▶ Exercise aim: Transcribe, verbatim, every line from the start of the entries through the line that contains "Athleta Soft White"; include both boundary lines and omit all others.

▶ Records for the task:

++++++++++

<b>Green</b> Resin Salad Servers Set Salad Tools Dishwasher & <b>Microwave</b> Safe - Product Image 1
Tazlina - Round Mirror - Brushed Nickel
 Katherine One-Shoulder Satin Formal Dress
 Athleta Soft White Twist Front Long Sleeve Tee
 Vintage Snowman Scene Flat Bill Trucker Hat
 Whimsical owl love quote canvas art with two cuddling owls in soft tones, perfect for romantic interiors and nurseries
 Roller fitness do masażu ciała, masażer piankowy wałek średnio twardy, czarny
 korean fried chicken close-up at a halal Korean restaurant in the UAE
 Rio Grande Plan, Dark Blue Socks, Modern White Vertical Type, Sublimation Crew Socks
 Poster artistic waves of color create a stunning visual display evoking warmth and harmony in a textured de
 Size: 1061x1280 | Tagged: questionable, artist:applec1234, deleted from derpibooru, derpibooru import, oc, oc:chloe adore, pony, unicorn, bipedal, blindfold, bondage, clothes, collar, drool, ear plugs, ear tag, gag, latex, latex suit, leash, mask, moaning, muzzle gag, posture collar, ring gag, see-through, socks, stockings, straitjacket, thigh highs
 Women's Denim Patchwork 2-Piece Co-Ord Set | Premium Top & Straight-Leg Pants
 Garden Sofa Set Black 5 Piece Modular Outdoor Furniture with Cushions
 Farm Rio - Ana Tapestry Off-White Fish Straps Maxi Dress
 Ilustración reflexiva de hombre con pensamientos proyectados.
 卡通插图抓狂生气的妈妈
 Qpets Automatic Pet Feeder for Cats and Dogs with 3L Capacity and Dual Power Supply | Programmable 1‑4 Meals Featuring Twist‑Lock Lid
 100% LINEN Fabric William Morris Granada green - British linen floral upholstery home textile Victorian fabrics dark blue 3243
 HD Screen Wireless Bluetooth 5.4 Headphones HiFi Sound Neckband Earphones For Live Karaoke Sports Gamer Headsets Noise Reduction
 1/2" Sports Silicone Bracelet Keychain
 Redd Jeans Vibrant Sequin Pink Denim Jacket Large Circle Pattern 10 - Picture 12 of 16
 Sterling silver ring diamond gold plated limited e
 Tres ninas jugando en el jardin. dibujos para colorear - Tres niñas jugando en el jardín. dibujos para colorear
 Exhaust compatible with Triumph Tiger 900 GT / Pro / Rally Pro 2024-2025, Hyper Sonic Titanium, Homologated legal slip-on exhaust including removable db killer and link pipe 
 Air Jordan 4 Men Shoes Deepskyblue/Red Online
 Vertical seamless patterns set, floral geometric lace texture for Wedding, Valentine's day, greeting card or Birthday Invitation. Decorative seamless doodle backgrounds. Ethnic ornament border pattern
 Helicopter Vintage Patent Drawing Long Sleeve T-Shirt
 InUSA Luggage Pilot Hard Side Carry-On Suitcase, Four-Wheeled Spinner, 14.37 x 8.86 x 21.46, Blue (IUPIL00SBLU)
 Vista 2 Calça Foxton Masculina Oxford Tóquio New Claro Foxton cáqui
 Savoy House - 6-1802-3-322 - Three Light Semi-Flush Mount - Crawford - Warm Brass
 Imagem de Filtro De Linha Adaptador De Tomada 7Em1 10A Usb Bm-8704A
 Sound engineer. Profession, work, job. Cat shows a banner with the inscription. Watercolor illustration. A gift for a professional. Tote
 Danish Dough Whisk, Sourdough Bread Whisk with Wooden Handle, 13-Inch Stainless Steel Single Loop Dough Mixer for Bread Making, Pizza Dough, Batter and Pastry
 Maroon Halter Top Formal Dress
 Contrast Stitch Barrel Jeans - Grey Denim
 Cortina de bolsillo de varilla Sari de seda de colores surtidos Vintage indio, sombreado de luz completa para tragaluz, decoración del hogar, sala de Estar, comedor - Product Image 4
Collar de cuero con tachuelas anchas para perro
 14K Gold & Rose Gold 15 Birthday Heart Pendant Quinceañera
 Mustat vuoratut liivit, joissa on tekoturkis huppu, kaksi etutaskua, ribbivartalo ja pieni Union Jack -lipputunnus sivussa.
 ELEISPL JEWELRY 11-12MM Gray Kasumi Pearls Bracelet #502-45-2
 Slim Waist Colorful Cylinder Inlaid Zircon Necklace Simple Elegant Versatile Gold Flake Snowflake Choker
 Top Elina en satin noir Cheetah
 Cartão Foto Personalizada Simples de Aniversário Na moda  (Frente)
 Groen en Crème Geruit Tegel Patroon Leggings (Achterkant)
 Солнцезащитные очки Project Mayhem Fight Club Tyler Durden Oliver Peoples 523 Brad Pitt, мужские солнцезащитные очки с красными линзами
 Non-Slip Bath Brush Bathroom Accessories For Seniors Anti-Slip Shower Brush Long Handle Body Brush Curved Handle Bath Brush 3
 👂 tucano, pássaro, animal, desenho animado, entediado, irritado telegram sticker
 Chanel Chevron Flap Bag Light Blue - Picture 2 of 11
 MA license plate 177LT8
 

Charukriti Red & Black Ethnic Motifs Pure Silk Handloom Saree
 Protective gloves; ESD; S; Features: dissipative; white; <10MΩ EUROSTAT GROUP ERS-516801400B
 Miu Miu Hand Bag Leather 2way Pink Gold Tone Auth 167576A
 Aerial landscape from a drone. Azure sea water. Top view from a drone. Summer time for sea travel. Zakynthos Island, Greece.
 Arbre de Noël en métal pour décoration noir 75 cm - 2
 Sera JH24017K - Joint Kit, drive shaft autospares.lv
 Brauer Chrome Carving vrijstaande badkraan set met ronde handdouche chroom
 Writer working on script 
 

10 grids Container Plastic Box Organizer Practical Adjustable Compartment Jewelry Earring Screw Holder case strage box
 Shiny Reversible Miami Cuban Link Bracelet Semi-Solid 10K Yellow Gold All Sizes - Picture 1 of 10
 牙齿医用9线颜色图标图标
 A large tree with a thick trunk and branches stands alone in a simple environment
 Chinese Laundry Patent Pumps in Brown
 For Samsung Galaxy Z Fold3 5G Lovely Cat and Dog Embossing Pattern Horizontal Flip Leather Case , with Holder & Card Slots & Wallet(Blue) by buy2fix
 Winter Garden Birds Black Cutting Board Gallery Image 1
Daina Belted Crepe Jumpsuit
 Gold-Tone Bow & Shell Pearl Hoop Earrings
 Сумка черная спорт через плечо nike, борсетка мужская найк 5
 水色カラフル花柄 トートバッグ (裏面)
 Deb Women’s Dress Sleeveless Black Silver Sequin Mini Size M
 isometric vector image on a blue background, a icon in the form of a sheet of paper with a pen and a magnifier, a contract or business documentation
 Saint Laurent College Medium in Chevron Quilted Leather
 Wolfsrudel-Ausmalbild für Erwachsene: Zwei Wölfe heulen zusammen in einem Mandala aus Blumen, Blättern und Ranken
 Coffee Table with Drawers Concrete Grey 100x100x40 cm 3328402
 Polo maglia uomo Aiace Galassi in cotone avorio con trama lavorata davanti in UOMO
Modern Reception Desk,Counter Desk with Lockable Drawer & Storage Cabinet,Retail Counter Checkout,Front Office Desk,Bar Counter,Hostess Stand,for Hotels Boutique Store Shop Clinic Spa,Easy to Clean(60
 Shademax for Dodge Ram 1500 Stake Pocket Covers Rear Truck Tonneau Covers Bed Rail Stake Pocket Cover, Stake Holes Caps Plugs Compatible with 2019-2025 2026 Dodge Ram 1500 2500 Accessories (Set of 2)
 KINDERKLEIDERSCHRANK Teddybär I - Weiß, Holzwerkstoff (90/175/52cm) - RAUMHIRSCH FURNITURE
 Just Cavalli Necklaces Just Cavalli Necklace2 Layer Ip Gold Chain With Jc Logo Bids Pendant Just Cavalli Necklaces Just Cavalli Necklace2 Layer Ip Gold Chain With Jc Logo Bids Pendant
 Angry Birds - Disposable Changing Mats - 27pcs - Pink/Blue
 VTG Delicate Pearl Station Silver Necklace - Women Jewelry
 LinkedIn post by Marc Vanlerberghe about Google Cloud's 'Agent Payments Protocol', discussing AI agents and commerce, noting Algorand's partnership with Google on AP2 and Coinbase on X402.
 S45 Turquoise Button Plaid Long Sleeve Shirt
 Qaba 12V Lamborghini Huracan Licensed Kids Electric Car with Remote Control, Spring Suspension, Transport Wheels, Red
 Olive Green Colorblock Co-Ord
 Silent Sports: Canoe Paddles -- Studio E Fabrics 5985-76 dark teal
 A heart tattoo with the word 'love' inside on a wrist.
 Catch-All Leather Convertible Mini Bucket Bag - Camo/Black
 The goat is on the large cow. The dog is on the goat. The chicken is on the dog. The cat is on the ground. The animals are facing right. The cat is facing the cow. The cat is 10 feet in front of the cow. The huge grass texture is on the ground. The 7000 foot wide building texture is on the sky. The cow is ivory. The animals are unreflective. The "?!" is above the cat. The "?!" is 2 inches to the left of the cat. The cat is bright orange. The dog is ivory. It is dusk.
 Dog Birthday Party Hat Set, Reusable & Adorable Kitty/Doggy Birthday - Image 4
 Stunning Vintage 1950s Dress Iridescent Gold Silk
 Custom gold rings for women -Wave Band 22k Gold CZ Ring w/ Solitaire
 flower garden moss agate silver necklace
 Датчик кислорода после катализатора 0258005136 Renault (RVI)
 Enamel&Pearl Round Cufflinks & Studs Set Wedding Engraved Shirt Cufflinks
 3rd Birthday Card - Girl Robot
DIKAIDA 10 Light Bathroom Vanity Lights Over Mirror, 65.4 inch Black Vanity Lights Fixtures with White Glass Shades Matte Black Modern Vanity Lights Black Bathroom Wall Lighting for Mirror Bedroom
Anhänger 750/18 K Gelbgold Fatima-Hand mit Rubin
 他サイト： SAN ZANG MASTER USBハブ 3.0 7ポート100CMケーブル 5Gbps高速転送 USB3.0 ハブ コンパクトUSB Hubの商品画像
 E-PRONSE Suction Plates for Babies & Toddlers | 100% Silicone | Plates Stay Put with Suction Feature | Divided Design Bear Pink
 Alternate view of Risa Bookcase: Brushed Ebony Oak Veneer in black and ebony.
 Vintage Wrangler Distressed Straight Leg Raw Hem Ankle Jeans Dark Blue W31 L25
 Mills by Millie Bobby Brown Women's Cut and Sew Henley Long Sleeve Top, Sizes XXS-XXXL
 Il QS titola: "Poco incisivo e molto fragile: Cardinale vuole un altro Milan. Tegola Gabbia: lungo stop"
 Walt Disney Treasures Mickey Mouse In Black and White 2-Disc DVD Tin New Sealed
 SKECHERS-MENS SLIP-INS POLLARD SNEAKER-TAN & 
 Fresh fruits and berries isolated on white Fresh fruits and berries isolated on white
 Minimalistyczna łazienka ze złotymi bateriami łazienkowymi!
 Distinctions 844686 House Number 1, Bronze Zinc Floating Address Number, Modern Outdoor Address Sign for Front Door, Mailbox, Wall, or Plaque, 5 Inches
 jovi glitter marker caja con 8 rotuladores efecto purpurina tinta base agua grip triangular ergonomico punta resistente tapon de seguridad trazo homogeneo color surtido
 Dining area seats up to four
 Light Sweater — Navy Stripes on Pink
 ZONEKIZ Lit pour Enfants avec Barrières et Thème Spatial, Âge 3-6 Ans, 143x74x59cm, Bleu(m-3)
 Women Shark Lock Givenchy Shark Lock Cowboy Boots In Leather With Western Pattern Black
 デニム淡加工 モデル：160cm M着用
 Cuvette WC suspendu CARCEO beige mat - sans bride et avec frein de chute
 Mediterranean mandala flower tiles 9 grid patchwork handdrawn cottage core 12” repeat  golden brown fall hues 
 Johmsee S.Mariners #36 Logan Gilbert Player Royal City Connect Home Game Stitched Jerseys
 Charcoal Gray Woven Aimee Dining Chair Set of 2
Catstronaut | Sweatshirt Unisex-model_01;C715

++++++++++

▶ Answer to the exercise:
<b>Green</b> Resin Salad Servers Set Salad Tools Dishwasher & <b>Microwave</b> Safe - Product Image 1
Tazlina - Round Mirror - Brushed Nickel
 Katherine One-Shoulder Satin Formal Dress
 Athleta Soft White Twist Front Long Sleeve Tee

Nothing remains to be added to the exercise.